If gold is the same thing as cash, why can’t you use your gold medals to pay for coffee?
- 40 years after the U.S. dollar stopped being backed by actual gold, JP Morgan is saying that if you’ve got enough of the metal, it will trust you with a loan. From now on, some of their clients will be able to use their gold holdings as collateral* on certain loans.
- This is kind of a big deal. It means that the bank thinks gold, cash, and (super-low-risk) U.S. Treasury bonds are all equally safe bets.
- For a long time, investors stayed away from gold. There weren’t that many gold buyers around, so if you suddenly needed to sell your gold for cash (to buy that cup of coffee, maybe), it would take too long.
- Supporters of the gold-as-collateral decision say that gold is a stable, real-life source of value that can be relied upon no matter how the economy changes.
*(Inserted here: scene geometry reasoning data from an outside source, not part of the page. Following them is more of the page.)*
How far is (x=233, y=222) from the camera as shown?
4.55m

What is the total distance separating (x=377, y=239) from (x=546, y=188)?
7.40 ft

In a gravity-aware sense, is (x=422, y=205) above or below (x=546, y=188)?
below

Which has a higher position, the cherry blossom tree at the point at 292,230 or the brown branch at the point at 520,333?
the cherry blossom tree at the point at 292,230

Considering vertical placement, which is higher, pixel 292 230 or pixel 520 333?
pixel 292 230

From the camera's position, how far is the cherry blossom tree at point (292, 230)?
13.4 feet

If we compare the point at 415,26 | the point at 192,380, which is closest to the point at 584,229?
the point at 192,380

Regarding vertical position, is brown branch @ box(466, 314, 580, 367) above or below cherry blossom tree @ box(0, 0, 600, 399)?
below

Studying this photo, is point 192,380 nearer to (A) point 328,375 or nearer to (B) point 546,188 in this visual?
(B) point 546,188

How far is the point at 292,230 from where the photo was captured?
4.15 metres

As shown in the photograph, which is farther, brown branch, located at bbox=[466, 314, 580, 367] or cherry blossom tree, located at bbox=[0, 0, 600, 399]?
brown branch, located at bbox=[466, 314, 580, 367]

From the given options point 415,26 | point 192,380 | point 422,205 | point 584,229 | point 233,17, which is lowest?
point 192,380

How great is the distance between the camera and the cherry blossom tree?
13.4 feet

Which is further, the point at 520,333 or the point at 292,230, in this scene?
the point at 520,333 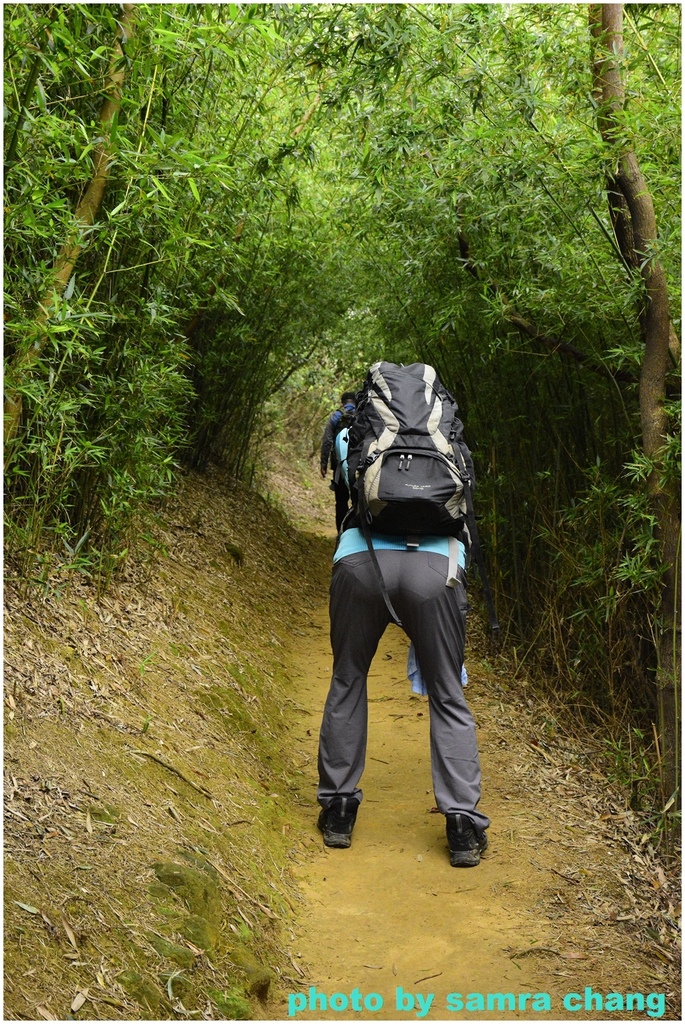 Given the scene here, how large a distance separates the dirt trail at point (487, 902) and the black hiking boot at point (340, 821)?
4 cm

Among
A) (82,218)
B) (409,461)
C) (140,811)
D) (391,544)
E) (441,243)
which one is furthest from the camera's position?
(441,243)

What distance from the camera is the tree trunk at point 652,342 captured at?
3.21 meters

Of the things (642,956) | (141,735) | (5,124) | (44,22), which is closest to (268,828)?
(141,735)

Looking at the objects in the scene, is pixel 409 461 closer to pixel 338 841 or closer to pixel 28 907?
pixel 338 841

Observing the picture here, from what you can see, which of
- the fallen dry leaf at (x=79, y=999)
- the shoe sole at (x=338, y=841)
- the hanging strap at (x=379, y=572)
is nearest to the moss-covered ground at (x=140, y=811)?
the fallen dry leaf at (x=79, y=999)

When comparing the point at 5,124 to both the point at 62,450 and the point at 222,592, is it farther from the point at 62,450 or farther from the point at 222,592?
the point at 222,592

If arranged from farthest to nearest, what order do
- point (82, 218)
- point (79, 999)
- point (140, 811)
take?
point (82, 218) → point (140, 811) → point (79, 999)

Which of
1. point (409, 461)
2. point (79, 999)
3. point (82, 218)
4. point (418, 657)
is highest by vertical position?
point (82, 218)

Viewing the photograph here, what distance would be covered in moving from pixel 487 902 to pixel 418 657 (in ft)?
2.69

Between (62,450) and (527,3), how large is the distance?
246 centimetres

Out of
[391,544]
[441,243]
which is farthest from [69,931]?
[441,243]

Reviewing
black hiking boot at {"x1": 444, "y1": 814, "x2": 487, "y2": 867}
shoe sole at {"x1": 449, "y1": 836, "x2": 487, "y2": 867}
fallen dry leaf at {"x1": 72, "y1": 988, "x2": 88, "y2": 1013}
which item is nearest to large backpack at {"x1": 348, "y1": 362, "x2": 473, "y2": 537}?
black hiking boot at {"x1": 444, "y1": 814, "x2": 487, "y2": 867}

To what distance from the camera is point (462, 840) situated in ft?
9.93

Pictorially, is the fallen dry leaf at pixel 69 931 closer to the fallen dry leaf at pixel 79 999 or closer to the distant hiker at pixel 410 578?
the fallen dry leaf at pixel 79 999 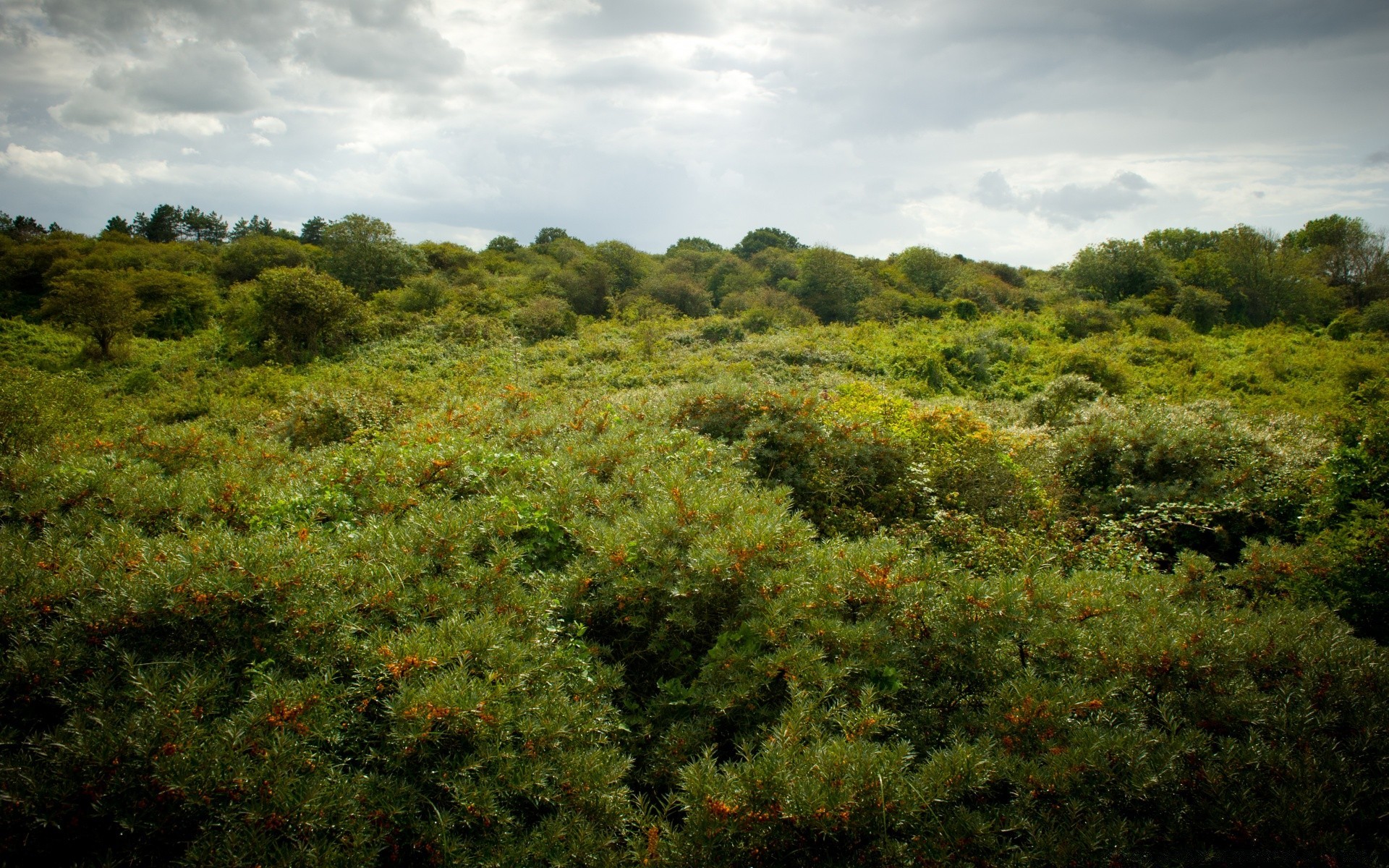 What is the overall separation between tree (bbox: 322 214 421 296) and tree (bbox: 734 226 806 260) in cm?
2893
Skeptics point out that the price of gold changes every single day on the commodity market.
*Collateral is something of value (e.g. your house, your credit card, your firstborn) that you give to a lender until you’ve repaid your debt. If you don’t repay your debt, the lender gets to keep whatever you’ve put up as collateral. For instance, if you loan your friend $10, you can keep his sunglasses as collateral until he gives you the money back.
Facts & Figures
- More than $100 billion in trade occurs in the gold market every day
- Former U.S. President Nixon stopped backing up the dollar with real gold in 1971
Best Quote
“When a bank, such as J.P. Morgan, is willing to extend collateral value against an asset such as physical bullion, it shows that they are not worried about the liquidity issue if they might take the collateral over or they have to liquidate the collateral.” – Frank McGhee, Head Precious Metals Trader, Integrated Brokerage Services
What do you think?
Does an old-fashioned form of currency like gold have a place in today’s plastic society? Do you know if there’s any gold in your investment portfolio?